■ EXERCISE REQUIREMENTS ■
It would help if you retyped the data exactly, leaving out the pictures.

Stored records
..........

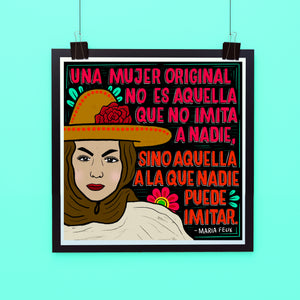 Maria Felix Quote Poster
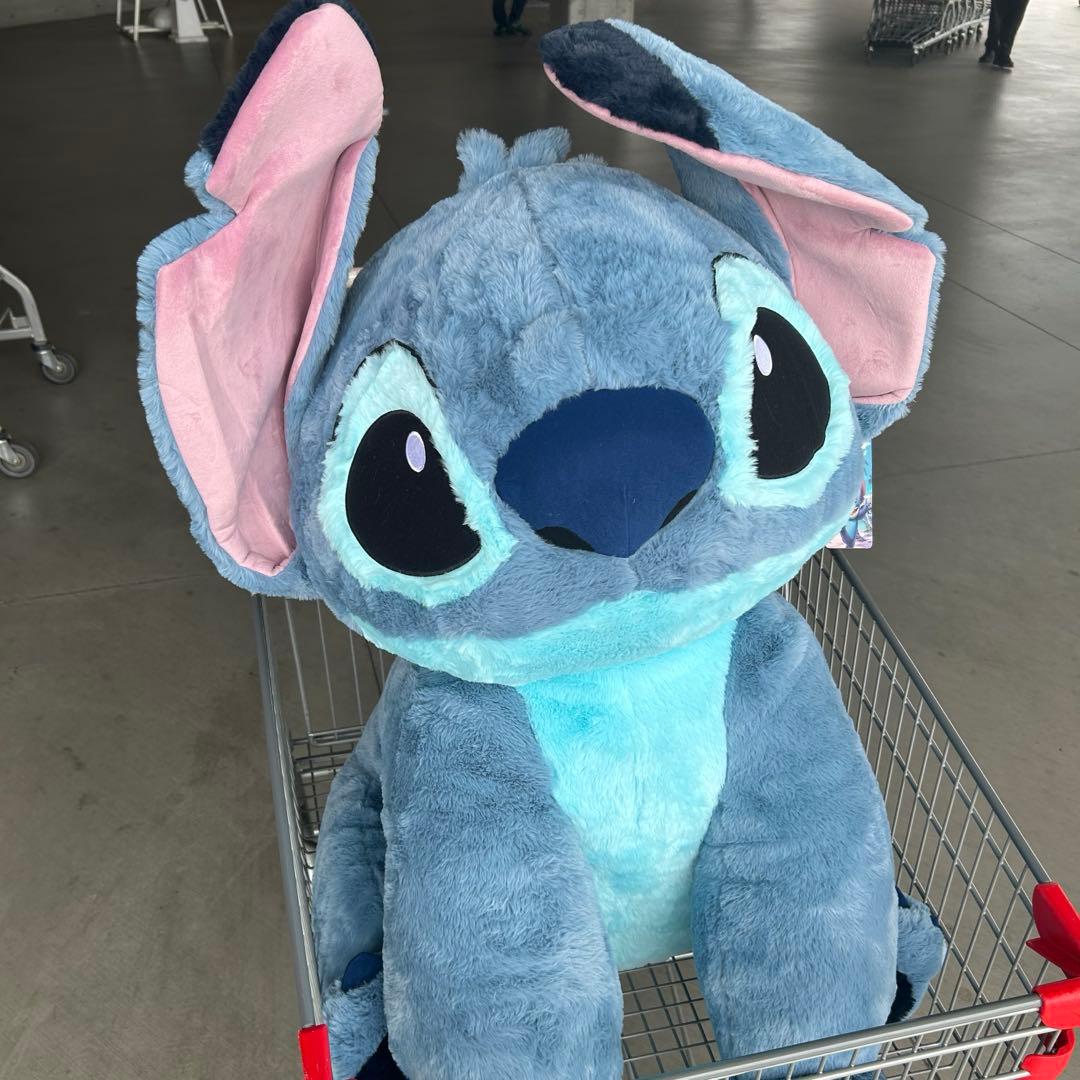 コストコスティッチ特大ぬいぐるみ　バッグ2枚付き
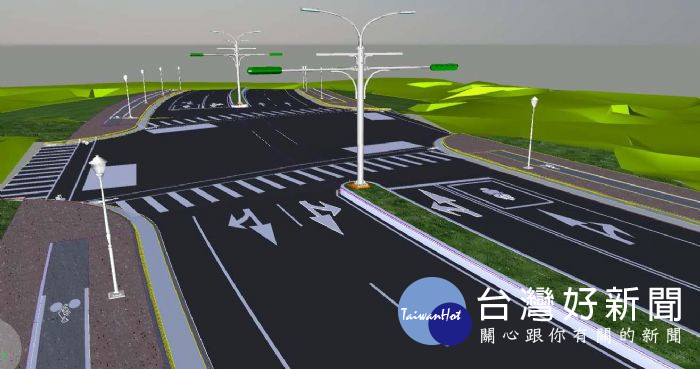 桃園市政府辦理「龍慈路延伸至台66線」新闢道路工程,全長共2,351公尺,寬度30公尺,分為二段執行。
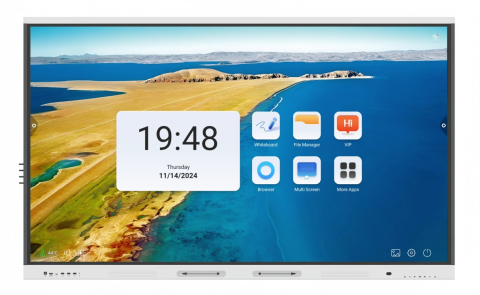 Displayuri interactive profesionale pentru educație și săli de ședințe - Display interactiv EvoBoard TE110YY(-N) 110", 4K UHD 3840 x 2160, Android 13, 400 cd/m², HDMI/Wi-Fi/LAN
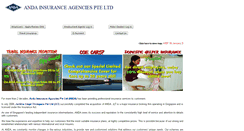 Desktop Screenshot of anda.com.sg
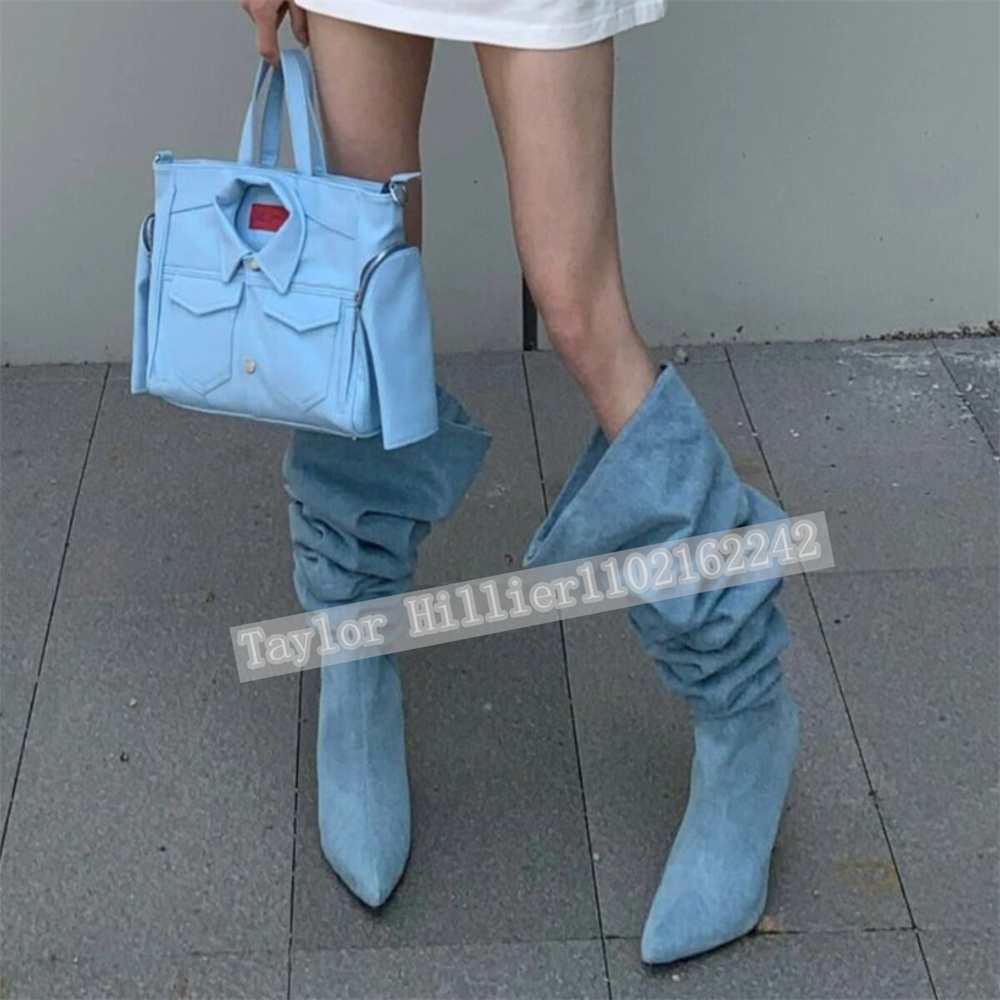 Street Fashion Runway - Botas de tacón de aguja con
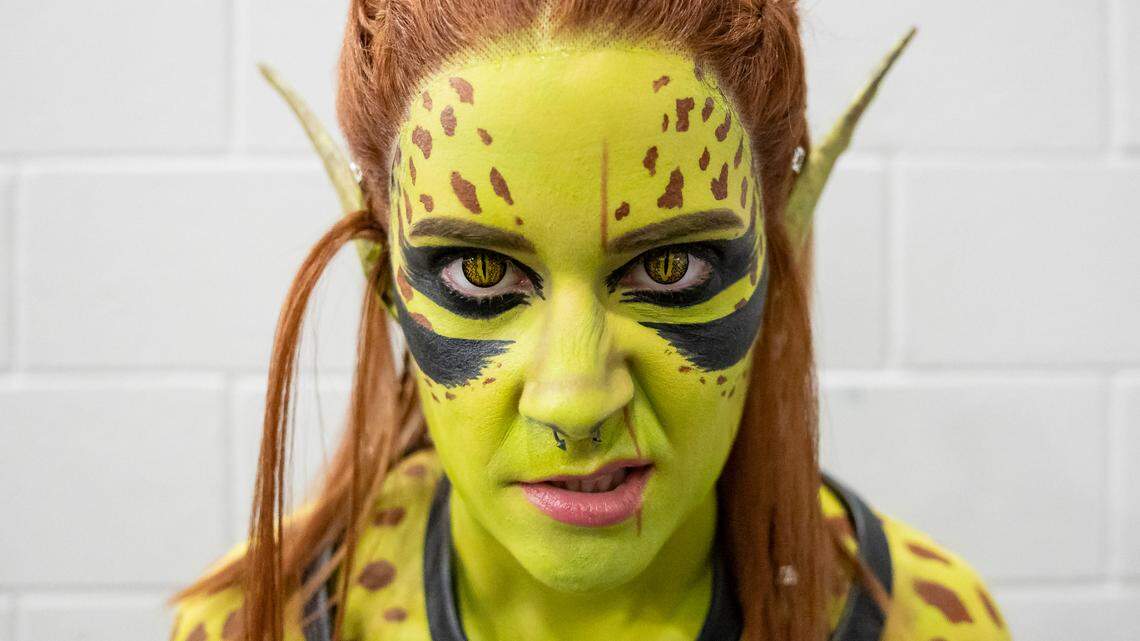 Noelle Brunelle, 33, cosplays as Lae’zel from Baldur’s Gate 3 during Florida Supercon 2024 at the Miami Beach Convention Center on Saturday, July 13, 2024, in Miami Beach, Fla.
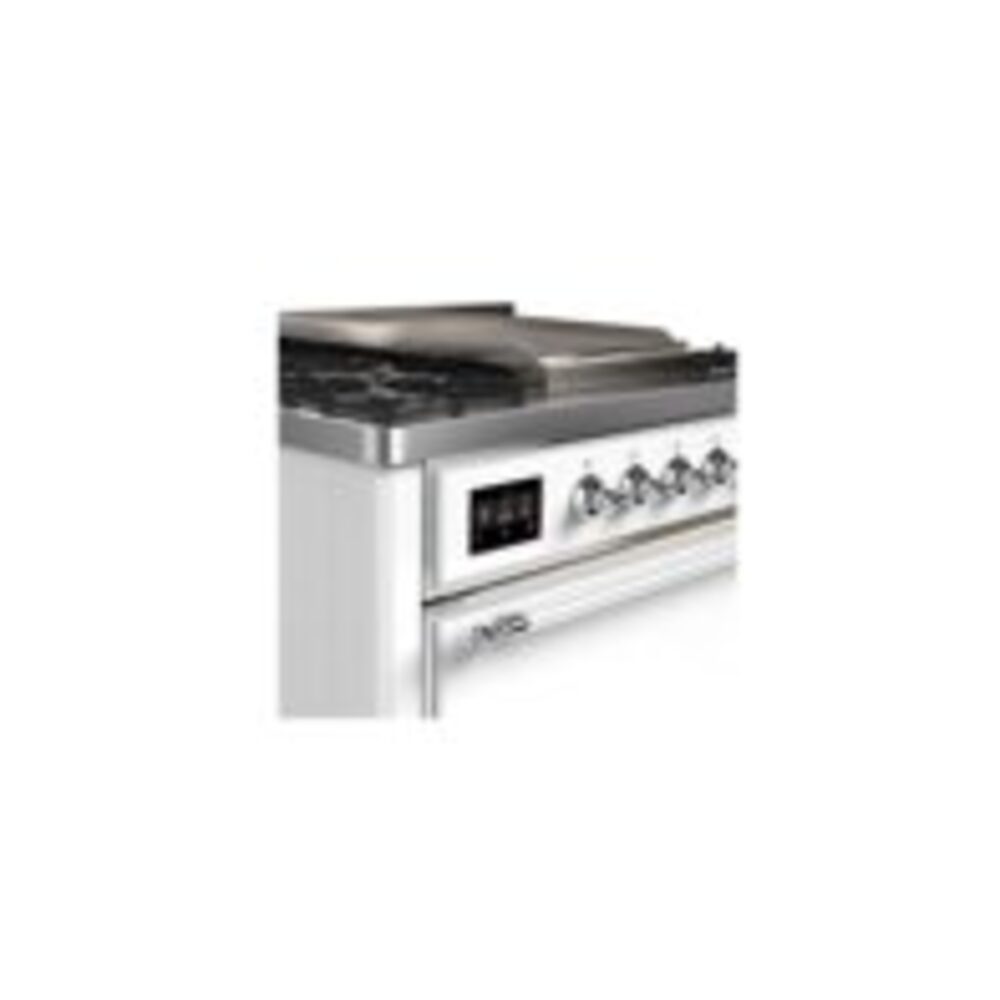ILVE UM09F Majestic II 36 inch Dual Fuel Range with 6 Burners, Griddle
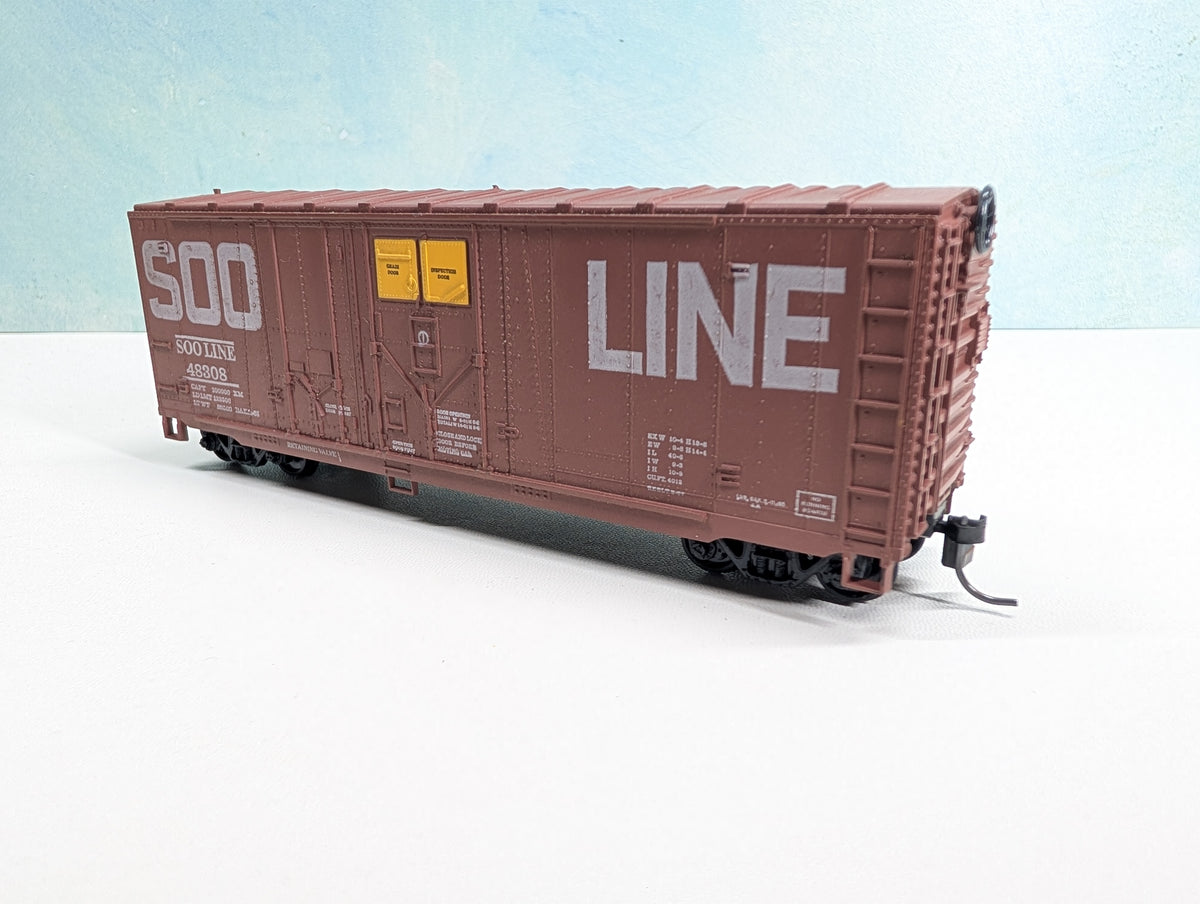 USED Athearn HO Scale 40' Grainloading Box Car SOO Line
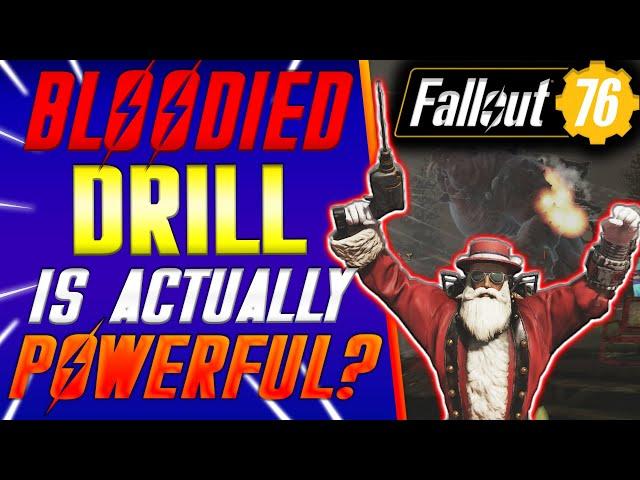 Let's Roll The Deadliest Bloodied Drill Legendary Effects in Fallout 76! I Was Surprised!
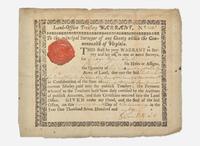 [American Revolution] Clark, George Rogers: Partially-Printed Document, signed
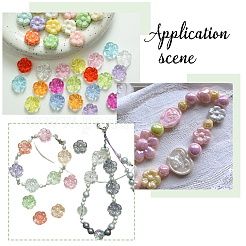 112 шт. 14-х цветные прозрачные и непрозрачные акриловые бусины&nbsp;OACR-SP0001-28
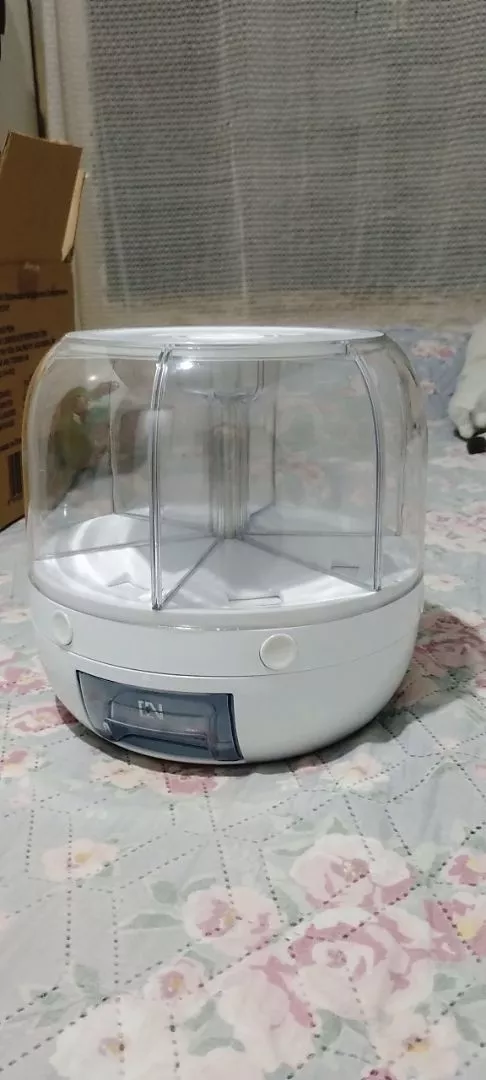 Dispenser Giratório 6 Compartimentos para Grãos e Cereais Transparente Conservação IZECO FRESH photo review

..........

■ SOLUTION FOR THIS PROBLEM ■
 Maria Felix Quote Poster
 コストコスティッチ特大ぬいぐるみ　バッグ2枚付き
 桃園市政府辦理「龍慈路延伸至台66線」新闢道路工程,全長共2,351公尺,寬度30公尺,分為二段執行。
 Displayuri interactive profesionale pentru educație și săli de ședințe - Display interactiv EvoBoard TE110YY(-N) 110", 4K UHD 3840 x 2160, Android 13, 400 cd/m², HDMI/Wi-Fi/LAN
 Desktop Screenshot of anda.com.sg
 Street Fashion Runway - Botas de tacón de aguja con
 Noelle Brunelle, 33, cosplays as Lae’zel from Baldur’s Gate 3 during Florida Supercon 2024 at the Miami Beach Convention Center on Saturday, July 13, 2024, in Miami Beach, Fla.
ILVE UM09F Majestic II 36 inch Dual Fuel Range with 6 Burners, Griddle
 USED Athearn HO Scale 40' Grainloading Box Car SOO Line
 Let's Roll The Deadliest Bloodied Drill Legendary Effects in Fallout 76! I Was Surprised!
 [American Revolution] Clark, George Rogers: Partially-Printed Document, signed
 112 шт. 14-х цветные прозрачные и непрозрачные акриловые бусины&nbsp;OACR-SP0001-28
 Dispenser Giratório 6 Compartimentos para Grãos e Cereais Transparente Conservação IZECO FRESH photo review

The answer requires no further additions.